Looks fine? But the problem appears in this detail: after D is expanded, the queue has C(f=6) and G(f=7, via D). If we later discover a shorter path to D, with h'' inconsistent, we might need to re-expand already expanded nodes. Consistency guarantees f-values are non-decreasing, so the first arrival at the goal is optimal; without consistency, A* may need to keep searching past the goal node until the f-value exceeds the current best cost.

In larger-scale search, the cost of inconsistency is enormous: A* may need to re-expand nodes, causing the algorithm to degrade toward Dijkstra's efficiency. Consistency is not decoration—it is A*'s efficiency contract.

An inconsistent heuristic function is like a capricious tour guide. He tells you at B that there are still 5 km remaining; you walk to D, and he says actually only 1 km remains. Added together, the B->D stretch only "cost" 2 km (5->1), and the actual distance is also 2 km—it "happens" to match. But if at D he suddenly says there are still 4 km remaining (to the next intersection), you'd start to wonder: does he even know what he's talking about? A*'s doubt is mathematical: when consistency fails, f-values can decrease, and the algorithm no longer guarantees the first solution is optimal.

20.4 Approximation Ratio: Worst-Case Guarantees

The A* framework works well on problems where optimality is meaningful. But for many NP-complete problems, the optimal solution itself is hard to find, even when approximation is allowed. Here another kind of contract is needed: approximation ratio.
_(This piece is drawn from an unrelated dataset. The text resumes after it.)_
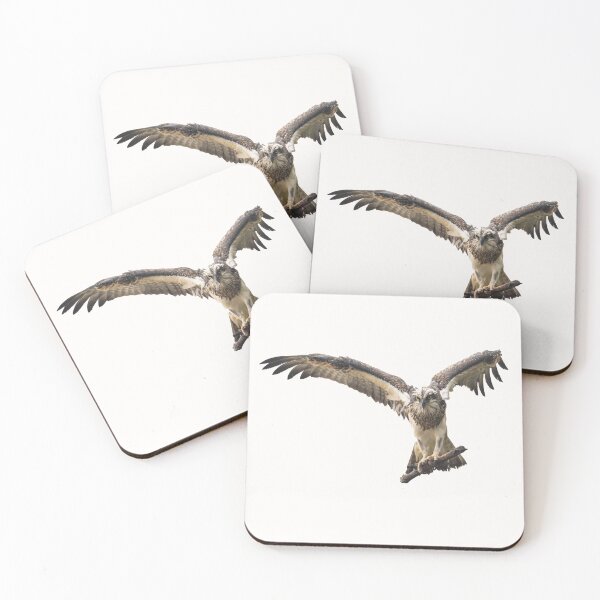 Item preview, Australian birds - Eastern osprey designed and sold by Ozjanette90.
Definition (Approximation algorithm): For a minimization problem, if algorithm $A$ always returns a solution whose cost does not exceed $ρ$ times the optimal solution cost on any instance, then $A$ is called a $ρ$ -approximation algorithm; $ρ$ is called the approximation ratio.

The approximation ratio is the worst-case version of the heuristic contract: regardless of the input, the quality of the output is guaranteed within a factor of $ρ$ of the optimal. $ρ = 1$ is the exact solution; $ρ = 2$ is "at most twice the optimal."

Some famous results:

Vertex cover problem: there exists a 2-approximation algorithm (find a maximal matching, take both endpoints).
Traveling salesman problem (metric version): there exists a 1.5-approximation algorithm (Christofides' algorithm, 1976). This result stood for nearly half a century, only slightly improved in 2020.
Traveling salesman problem (general version, not satisfying the triangle inequality): if P ≠ NP, then for any constant $ρ$ , no polynomial-time $ρ$ -approximation algorithm exists.

This last result is crucial: for certain problems, approximation is equally NP-hard. Allowing error does not always make the problem easier. The approximation ratio itself has an information-theoretic lower bound, a bound arising from the intrinsic structure of the problem, independent of any specific algorithm.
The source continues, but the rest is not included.